Congratulations to the 2024 awardees! Read the full annoouncment with names at this link.
A call for nominations for the third annual ACS Undergraduate Award for Excellence in Chemical Safety and Ethics will be posted in winter 2025.
Congratulations to the 2023 Student Award Winners who have actively demonstrated the connection between chemical safety and ethics through behavior and schoolwork.
ChemLuminary Award
The Committee on Ethics’ ChemLuminary Award recognizes outstanding programming by a local section related to the promotion of ethics in chemistry.
ChemLuminary Award Recipients:
2024: Chemical Society of Washington
The Chemical Society of Washington (CSW) hosted its hybrid dinner event on cybersecurity with a tailored examination of the chemical enterprise, the potential catastrophic impacts to the intellectual property and physical safety of chemical manufacturing, and the risks posed to academic labs for data theft and phishing schemes.
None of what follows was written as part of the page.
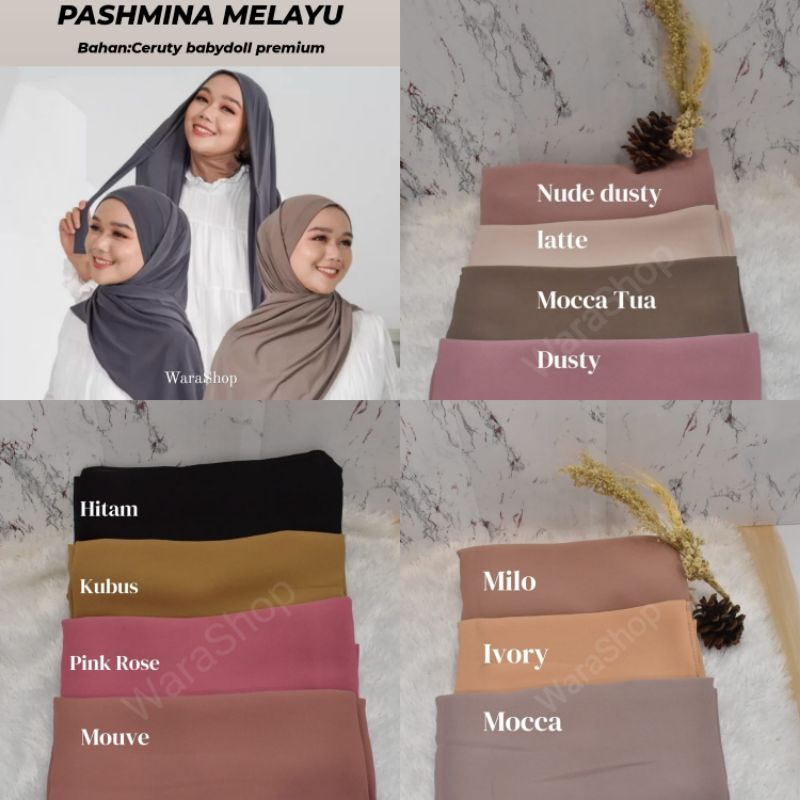 PASHMINA CERUTY MALAYSIA | PASHMINA CERUTY INSTAN | PASHMINA TALI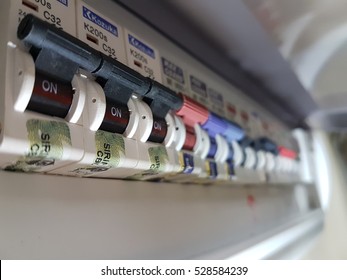 Pahang, Malaysia - Disember 2016 : Distribution Board (DB)  In A Local Malaysian House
The award was presented to CSW with the support of Committee on Ethics members, Kristina G. Proctor and Pei Meng Woi.
2023: Chemical Society of Washington
The Chemical Society of Washington (CSW) led a virtual seminar and discussion entitled “Chemical Commercialization: What to Know about Federal Regulations” (link to the recording) with invited speakers and addressed the federal regulations at issue in chemical commercialization from R&D to commercial sales. The developed content is relevant to the ethics theme and provides other sections a template of educational awareness of EPA laws, regulation for the use of chemicals from R&D to the commercialization. It is a well-organized event that brings awareness of the EPA laws TSCA and FIFRA, and thus facilitates right decision-making from R&D to the commercialization of chemicals.
2020: Chemical Society of Washington
The Chemical Society of Washington led an inclusive process to develop a local-section-specific Conduct Policy (link to the policy) for CSW membership and events. The goal was to provide additional clarity about what is expected of CSW members’ professional behavior, especially at CSW events, and to ensure that all members, guests, and public participants in CSW events felt safe and included. Throughout the drafting and development process, the leaders of this policy effort spent a lot of time ensuring that as broad and diverse a group of members as possible were consulted.
2020: Midland Local Section
The Midland Local Section put on a public museum exhibit celebrating its Centennial Anniversary. One installation was on Unintended Consequences (UC), which addressed how ethics and environmental responsibility remain essential parts of ACS and the field. This installation prominently displayed the ACS code of conduct, stating the responsibilities of chemical professionals, and acknowledged several innovations that originated in Midland and had unintended consequences, including the silicone breast implant controversy, dioxin, and agent orange.
2019: Silicon Valley Local Section
The Silicon Valley Local Section brought six performances of “No Belles”, stories about female scientists who have and have not received the Nobel Prize, to over 1,000 attendees on four local college campuses, thus raising awareness both of the unethical behaviors that result in the current gender imbalance in STEM fields and of the achievements of women who have persevered.